### [Your objective]
Copy the lines below verbatim. Begin with the first and end with the line containing "Men's Tactical Camouflage".

•••••

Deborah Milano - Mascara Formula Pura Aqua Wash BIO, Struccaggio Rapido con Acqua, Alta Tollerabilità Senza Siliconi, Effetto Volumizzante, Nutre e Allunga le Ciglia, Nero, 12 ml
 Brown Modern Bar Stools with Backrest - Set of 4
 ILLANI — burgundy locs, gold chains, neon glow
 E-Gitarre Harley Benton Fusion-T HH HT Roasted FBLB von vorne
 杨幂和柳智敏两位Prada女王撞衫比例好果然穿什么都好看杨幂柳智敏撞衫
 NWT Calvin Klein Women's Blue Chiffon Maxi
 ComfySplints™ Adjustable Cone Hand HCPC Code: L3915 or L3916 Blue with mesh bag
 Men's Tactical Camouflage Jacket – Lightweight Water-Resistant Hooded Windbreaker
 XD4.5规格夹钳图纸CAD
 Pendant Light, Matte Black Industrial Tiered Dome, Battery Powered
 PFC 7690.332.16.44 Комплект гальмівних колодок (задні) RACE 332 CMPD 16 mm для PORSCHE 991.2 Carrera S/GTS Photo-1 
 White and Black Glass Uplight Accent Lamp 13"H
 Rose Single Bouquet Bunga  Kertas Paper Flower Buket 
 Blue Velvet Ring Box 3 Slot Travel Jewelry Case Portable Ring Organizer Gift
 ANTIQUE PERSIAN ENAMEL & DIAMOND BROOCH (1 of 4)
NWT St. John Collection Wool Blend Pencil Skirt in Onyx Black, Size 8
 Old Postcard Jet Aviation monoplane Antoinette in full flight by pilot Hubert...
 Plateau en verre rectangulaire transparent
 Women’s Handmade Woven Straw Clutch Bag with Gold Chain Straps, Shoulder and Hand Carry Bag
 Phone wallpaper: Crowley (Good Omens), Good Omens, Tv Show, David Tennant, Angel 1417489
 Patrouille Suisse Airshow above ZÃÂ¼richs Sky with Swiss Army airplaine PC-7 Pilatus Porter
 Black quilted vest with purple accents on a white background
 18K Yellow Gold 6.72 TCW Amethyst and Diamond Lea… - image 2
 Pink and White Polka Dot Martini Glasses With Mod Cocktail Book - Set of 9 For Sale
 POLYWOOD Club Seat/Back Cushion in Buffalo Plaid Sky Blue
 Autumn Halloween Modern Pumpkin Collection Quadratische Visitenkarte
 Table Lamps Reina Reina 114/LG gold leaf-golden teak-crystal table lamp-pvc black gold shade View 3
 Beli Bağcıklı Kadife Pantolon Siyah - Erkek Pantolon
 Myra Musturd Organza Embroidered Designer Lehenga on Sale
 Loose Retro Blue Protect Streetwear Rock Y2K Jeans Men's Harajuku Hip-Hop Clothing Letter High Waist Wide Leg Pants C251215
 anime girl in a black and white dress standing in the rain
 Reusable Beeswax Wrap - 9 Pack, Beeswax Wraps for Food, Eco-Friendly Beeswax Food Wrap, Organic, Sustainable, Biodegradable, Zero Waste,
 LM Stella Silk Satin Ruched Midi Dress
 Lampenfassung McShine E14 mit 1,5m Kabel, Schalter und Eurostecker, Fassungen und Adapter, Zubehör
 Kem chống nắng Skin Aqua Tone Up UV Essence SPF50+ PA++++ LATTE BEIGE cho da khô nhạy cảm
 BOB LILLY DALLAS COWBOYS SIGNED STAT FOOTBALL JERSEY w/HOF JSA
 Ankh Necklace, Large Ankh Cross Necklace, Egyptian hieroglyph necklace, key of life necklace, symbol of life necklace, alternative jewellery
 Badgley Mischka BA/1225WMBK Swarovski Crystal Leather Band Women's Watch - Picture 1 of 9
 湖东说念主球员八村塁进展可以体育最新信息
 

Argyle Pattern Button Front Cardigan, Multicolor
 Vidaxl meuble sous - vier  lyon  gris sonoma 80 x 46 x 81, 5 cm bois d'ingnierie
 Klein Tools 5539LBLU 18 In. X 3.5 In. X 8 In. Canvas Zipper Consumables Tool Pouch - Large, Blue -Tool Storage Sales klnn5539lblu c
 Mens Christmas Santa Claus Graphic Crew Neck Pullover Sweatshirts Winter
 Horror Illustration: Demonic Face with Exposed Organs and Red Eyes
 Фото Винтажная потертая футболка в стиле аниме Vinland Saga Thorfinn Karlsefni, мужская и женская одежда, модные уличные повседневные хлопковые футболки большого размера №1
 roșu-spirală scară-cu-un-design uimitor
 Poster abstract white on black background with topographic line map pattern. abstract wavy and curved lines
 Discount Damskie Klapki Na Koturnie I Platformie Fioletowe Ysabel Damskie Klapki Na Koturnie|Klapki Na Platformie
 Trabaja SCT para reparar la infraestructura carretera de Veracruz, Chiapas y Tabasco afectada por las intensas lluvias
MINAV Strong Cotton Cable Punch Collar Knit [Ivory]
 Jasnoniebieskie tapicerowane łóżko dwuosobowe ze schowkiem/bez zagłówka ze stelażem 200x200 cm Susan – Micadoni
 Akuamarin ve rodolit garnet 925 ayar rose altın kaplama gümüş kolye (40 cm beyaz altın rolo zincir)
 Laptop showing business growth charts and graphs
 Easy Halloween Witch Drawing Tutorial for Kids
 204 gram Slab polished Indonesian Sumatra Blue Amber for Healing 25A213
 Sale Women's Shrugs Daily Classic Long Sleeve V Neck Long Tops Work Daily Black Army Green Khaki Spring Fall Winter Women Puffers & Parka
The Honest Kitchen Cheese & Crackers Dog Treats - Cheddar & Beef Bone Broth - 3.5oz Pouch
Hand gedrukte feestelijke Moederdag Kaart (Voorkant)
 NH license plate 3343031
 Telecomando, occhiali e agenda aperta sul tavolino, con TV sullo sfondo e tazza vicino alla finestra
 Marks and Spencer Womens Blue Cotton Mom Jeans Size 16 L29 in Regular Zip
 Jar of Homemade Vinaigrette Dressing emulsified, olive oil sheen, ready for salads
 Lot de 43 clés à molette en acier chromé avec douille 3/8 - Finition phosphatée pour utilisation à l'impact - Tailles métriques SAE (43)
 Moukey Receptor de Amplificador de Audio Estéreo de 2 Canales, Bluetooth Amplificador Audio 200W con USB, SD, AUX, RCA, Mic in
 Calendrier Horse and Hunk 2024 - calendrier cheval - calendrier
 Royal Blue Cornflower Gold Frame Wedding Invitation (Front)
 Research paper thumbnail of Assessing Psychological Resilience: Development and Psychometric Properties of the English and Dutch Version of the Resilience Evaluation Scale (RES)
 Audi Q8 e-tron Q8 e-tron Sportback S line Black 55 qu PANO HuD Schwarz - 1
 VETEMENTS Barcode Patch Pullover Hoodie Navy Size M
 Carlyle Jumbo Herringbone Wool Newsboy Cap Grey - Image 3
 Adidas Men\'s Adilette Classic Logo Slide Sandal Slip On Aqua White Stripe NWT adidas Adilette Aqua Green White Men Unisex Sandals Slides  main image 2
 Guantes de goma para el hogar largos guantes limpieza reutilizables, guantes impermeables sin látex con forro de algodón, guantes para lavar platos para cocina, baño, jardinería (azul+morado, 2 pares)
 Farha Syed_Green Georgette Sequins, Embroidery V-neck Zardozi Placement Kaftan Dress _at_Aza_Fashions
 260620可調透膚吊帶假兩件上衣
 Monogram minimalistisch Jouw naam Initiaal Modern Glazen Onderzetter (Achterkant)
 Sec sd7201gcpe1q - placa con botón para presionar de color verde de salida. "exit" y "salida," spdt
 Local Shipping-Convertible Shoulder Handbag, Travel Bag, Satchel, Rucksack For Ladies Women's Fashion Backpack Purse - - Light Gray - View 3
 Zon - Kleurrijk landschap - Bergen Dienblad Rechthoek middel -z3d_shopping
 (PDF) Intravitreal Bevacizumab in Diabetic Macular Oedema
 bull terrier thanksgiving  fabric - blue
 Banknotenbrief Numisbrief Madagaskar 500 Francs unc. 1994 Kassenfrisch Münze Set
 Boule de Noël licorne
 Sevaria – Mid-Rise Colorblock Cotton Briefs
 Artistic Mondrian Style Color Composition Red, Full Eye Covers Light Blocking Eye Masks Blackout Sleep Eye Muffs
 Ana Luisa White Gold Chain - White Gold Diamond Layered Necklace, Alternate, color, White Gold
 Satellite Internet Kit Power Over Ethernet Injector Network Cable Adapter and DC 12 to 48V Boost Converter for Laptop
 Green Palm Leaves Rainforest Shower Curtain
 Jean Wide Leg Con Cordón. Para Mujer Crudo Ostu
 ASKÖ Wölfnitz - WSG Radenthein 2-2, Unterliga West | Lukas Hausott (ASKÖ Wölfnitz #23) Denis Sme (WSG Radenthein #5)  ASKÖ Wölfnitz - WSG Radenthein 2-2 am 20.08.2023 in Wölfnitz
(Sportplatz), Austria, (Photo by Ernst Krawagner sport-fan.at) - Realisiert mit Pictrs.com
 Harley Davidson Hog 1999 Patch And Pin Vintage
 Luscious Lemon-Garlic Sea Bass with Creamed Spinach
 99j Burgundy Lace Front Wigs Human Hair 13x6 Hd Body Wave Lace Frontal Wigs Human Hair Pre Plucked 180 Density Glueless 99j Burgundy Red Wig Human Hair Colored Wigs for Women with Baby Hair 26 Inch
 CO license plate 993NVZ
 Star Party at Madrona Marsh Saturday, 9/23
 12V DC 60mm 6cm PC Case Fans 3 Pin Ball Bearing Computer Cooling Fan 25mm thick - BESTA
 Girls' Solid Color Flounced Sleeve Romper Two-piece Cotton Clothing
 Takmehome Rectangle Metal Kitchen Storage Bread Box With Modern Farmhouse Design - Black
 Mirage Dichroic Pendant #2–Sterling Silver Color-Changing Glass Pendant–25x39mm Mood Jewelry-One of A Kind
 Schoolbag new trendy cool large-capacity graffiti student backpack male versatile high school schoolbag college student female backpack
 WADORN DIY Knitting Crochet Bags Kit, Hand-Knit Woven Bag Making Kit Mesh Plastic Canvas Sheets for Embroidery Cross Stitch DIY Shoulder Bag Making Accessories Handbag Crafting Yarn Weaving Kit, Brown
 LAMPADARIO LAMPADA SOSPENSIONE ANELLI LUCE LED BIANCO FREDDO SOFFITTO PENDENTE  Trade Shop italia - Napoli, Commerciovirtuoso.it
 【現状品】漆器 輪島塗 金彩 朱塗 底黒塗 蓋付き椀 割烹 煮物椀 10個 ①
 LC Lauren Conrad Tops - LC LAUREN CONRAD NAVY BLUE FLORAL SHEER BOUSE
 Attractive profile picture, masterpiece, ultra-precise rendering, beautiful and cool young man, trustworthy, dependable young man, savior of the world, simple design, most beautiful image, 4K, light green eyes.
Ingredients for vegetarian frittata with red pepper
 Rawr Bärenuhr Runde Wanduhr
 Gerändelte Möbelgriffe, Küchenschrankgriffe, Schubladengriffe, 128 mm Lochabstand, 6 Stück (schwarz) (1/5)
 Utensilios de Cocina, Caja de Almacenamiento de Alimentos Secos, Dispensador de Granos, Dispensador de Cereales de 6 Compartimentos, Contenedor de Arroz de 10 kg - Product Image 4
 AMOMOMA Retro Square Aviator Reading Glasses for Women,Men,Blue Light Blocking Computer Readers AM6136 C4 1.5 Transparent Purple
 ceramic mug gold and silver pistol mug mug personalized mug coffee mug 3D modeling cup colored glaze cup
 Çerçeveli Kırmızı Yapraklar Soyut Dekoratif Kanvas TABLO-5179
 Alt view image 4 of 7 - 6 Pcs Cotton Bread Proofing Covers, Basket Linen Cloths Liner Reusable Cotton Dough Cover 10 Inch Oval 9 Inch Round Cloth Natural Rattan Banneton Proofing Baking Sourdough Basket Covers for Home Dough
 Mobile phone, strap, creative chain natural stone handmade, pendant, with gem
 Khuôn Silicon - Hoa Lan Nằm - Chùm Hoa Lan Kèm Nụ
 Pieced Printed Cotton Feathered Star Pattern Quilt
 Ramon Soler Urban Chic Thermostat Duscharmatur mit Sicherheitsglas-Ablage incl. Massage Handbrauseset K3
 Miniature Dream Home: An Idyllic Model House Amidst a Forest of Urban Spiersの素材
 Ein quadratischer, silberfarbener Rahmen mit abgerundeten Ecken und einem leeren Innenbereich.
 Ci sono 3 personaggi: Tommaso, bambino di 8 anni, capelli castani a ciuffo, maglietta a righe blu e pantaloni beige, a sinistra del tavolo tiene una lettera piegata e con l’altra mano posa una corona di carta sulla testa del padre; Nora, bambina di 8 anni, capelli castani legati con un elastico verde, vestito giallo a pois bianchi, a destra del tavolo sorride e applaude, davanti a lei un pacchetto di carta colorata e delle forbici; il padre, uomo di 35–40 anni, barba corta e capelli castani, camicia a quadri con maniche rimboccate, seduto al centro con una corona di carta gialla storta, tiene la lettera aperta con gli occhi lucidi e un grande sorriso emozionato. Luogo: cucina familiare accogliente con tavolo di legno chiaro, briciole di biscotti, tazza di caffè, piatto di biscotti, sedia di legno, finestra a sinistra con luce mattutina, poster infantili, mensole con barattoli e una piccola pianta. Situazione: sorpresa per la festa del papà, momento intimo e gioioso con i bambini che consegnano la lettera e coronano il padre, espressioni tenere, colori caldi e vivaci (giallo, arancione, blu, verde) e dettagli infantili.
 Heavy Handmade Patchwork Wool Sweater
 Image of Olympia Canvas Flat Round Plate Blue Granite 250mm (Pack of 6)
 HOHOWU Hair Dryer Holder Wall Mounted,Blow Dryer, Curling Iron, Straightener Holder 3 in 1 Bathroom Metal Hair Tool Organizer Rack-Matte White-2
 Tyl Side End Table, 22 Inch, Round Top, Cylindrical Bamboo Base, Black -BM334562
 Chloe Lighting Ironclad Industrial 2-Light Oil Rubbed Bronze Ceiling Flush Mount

•••••

### [Solution to this problem]
Deborah Milano - Mascara Formula Pura Aqua Wash BIO, Struccaggio Rapido con Acqua, Alta Tollerabilità Senza Siliconi, Effetto Volumizzante, Nutre e Allunga le Ciglia, Nero, 12 ml
 Brown Modern Bar Stools with Backrest - Set of 4
 ILLANI — burgundy locs, gold chains, neon glow
 E-Gitarre Harley Benton Fusion-T HH HT Roasted FBLB von vorne
 杨幂和柳智敏两位Prada女王撞衫比例好果然穿什么都好看杨幂柳智敏撞衫
 NWT Calvin Klein Women's Blue Chiffon Maxi
 ComfySplints™ Adjustable Cone Hand HCPC Code: L3915 or L3916 Blue with mesh bag
 Men's Tactical Camouflage Jacket – Lightweight Water-Resistant Hooded Windbreaker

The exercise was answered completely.